8. The domestic situation in Greece was once again raised by Denmark and Norway, and the latter also referred to the situation in the Portuguese territories of Africa. Both the Greek and Portuguese representatives responded by taking vigorous exception to the intrusion of matters of domestic Allied concern in the Council.

9. Many briefly addressed current monetary and trade issues, following the Secretary’s reference to the progress registered to date and anticipated in forthcoming talks. Communiqué reference to the issue, however, was limited to general recognition of the effect continuing difficulties could have on the Alliance.

10. Southern flank representatives gave prominence to the situation in the Mediterranean, and, following the Secretary’s discussions of [Page 337] the Middle East situation, several echoed his concern over the situation there.

11. The Secretary and Foreign Minister Scheel were present and made statements at the initialing by Deputy Under Secretary Samuels and Minister Director Herbst of the agreement renewing the FRG offset. The Secretary and the Portuguese Foreign Minister also signed and exchanged notes renewing the Azores bilateral base agreement.

12. Foreign Ministers agreed to meet again at Bonn May 30–31, 1972.

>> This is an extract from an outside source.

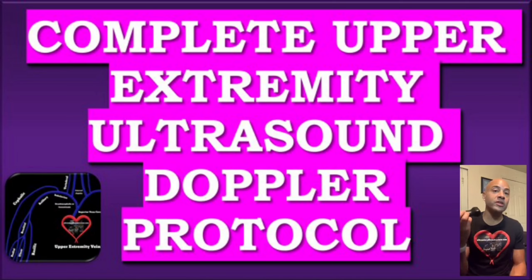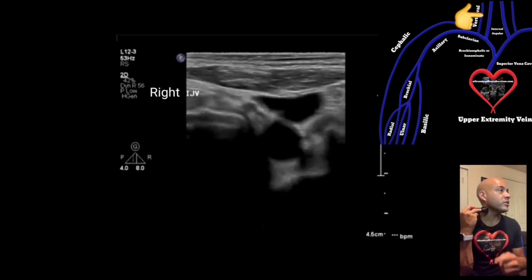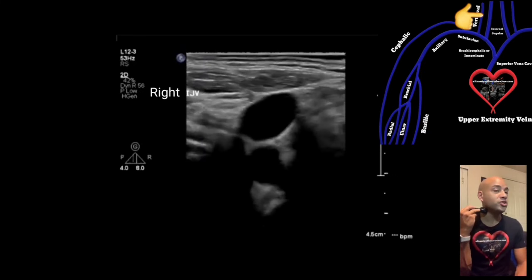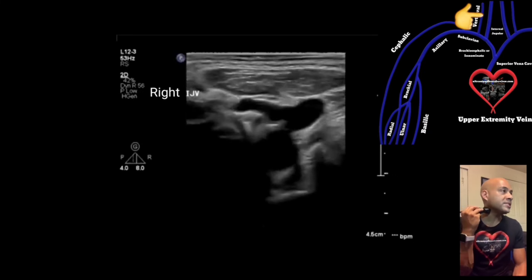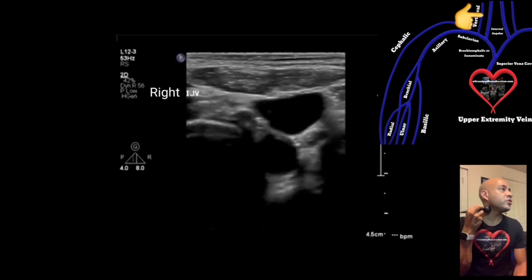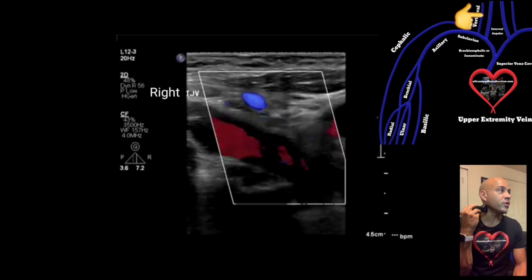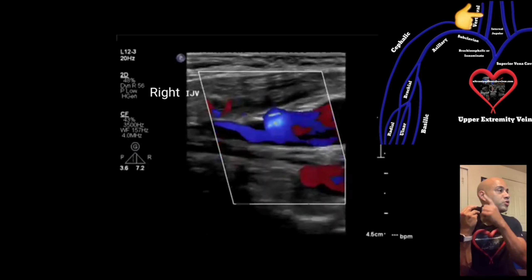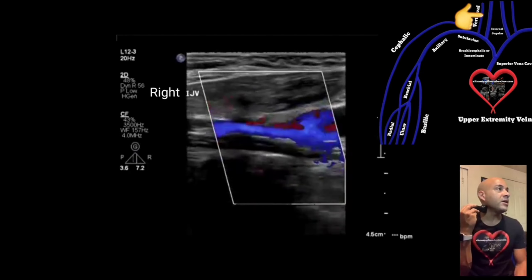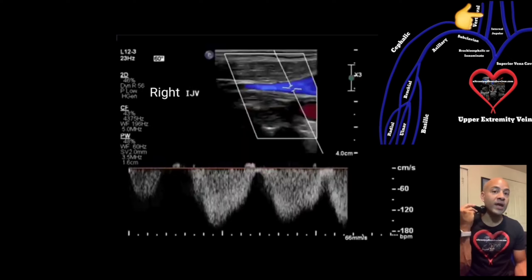With your transducer in the transverse position, place it on the patient's neck with your index pointed anteriorly. Acquire images in 2D while compressing the IJ to make sure there's nothing obstructing, like a DVT. Then turn your transducer to the long axis or sagittal view, with your index pointed superiorly towards the patient's head. Turn on color and take an image, then turn on pulse wave and acquire images with spectral Doppler waveforms.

  1. Source: National Archives, RG 59, Executive Secretariat, Conference Files 1949–72, CF 529. Confidential. Drafted by Streator (EUR/RPM), approved by Pedersen, Hillenbrand, McGuire, Springsteen, and Harrington. Repeated to Moscow, Bucharest, Belgrade, Vienna, Budapest, Warsaw, Sofia, Prague, Helsinki, and Madrid;the Missions to the UN, EC, and Geneva; CINCEUR, SHAPE, SACLANT, COSOUTH, AREUR, NAVEUR, and USAFE.
  2. The meeting took place in Brussels. See Keesing’s Contemporary Archives, 1971–1972, pp. 25015–25018.